We were attempting to follow a route described in Moir’s Guide that hadn’t changed since my dog-eared 1986 copy was published. The intervening years had seen rockfall make things much more… interesting. We were climbing alongside Flower Fall, en route to Marshall Pass, in the hinterland of the Milford Track. As we kept reminding each other: this was just meant to be tramping.
I had learned of this route while reading about the Fiordland explorations of W. G. Grave, whose party was the first to cross and name Marshall Pass in January 1906. The original party of five men set out from the head of Lake Te Anau along the Milford Track in December 1905. Mackinnon Pass had only been discovered nine years earlier, and little was known about the surrounding valleys.

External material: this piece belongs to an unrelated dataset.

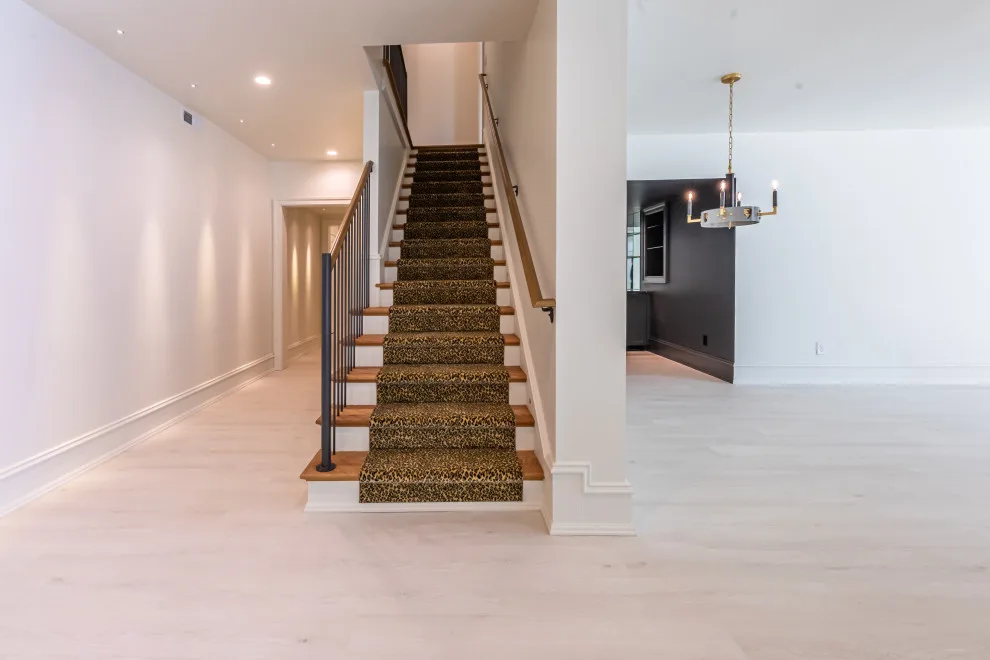Marlowe Home by DJF Builders Inc - Photo 86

‘The rough nature of the ground, the heavy bush consisting of trees matted together with deep undergrowth and interlacing climbers, rendered progress with heavy swags extremely slow. The undergrowth is constantly saturated, the ground is often swampy, and from time to time the foaming rapids of the stream offer the only available path. An explorer is saturated throughout the day,’ Peter Marshall wrote of the expedition in the New Zealand Geographical Journal, 1908.

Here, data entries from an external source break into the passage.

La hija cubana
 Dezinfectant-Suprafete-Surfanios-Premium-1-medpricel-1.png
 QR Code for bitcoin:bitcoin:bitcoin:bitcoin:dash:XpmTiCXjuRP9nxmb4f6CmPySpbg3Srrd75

I’m not sure what, in those words, inspired our desire to retrace their footsteps. Perhaps it was that I read them during the lockdown in April 2020, when anything seemed better than being indoors. But who would join me? I mentioned the idea to a friend, who surprised me by replying that he had been looking at that area for a trip and so things were set in motion.

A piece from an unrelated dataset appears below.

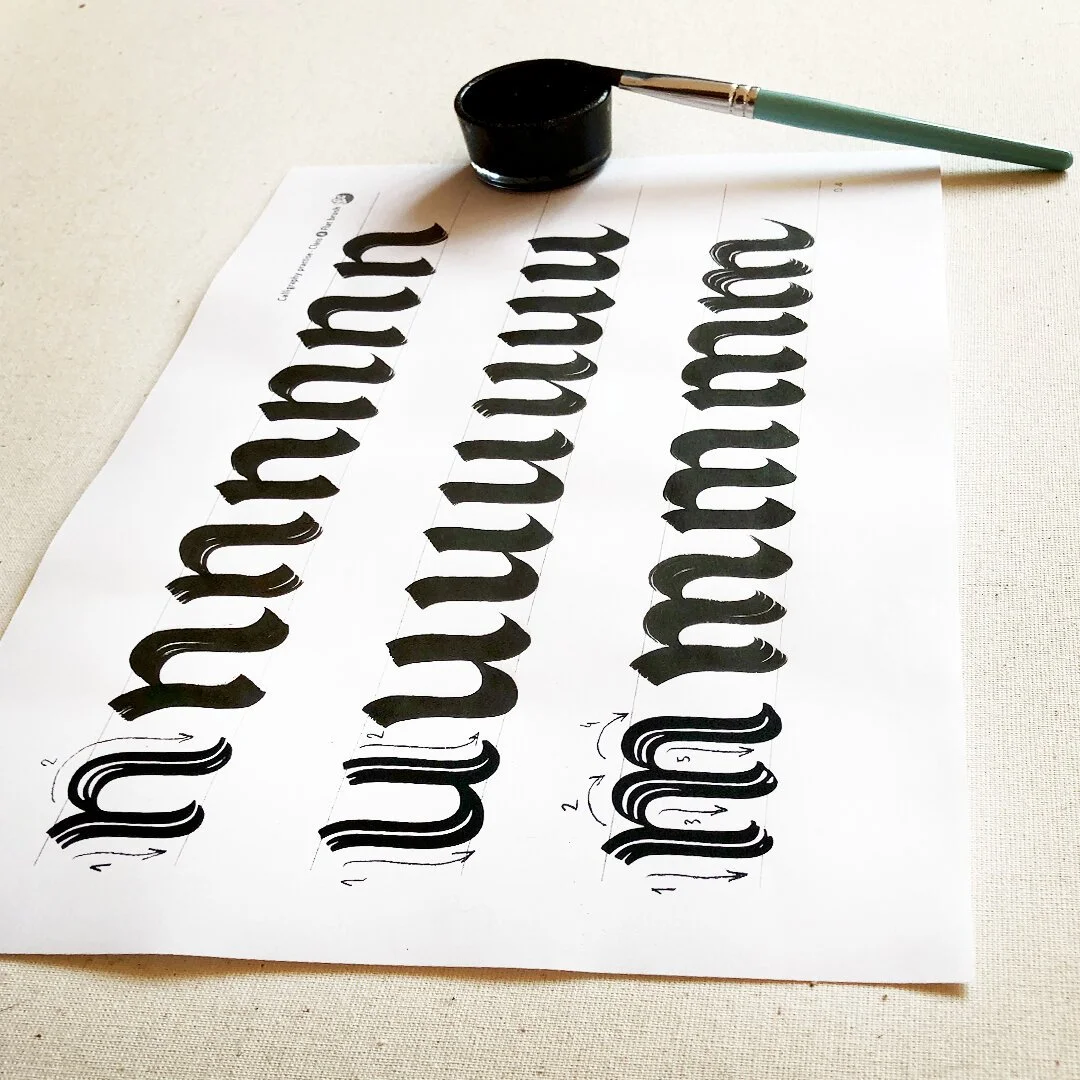 Letter+Collective+-+Calligraphy+practices (1).jpg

Aided by modern maps and knowledge of the area, we began our journey in brilliant sunshine with a crossing of Dore Pass to access the Milford Track by foot. We called in at Clinton Hut to say hello to warden Ross Harraway. He had just pulled two huge loaves of banana bread out of the oven and proceeded to smother them in chocolate icing before suggesting we help ourselves. Not too much suffering going on here yet.
Soon though, we were heading to our valley of choice; the Clinton River North Branch.
It must be said that the travel we experienced in the North Branch was a far cry from the experience of Grave and co. There are now cut traplines providing good travel, which allowed us to reach a camp about four kilometres up valley. While Grave wrote that they rejoiced at the lightness of their swags, being ‘only’ 25kg per man, ours were a mere 16kg each, with dehydrated food, a light rope and modern camping gear. All in all, we had things pretty good.
Grave’s party had hoped to find a pass at the head of the North Branch, but a difficult journey upstream saw their hopes dashed by an impassable cirque. They backtracked and decided to try a hanging valley to the east, with an impressive cataract descending from it. They named this Epidote Cataract for the abundance of epidote crystals in the rock.
We began our ascent alongside the cataract in the cool of early morning. We looked across at the unnamed chain of mountains to the west of the North Branch, which seemed to grow ever taller as we escaped the foreshortening effect of looking up from the valley floor. A magnificent expanse of granite, just begging to be climbed.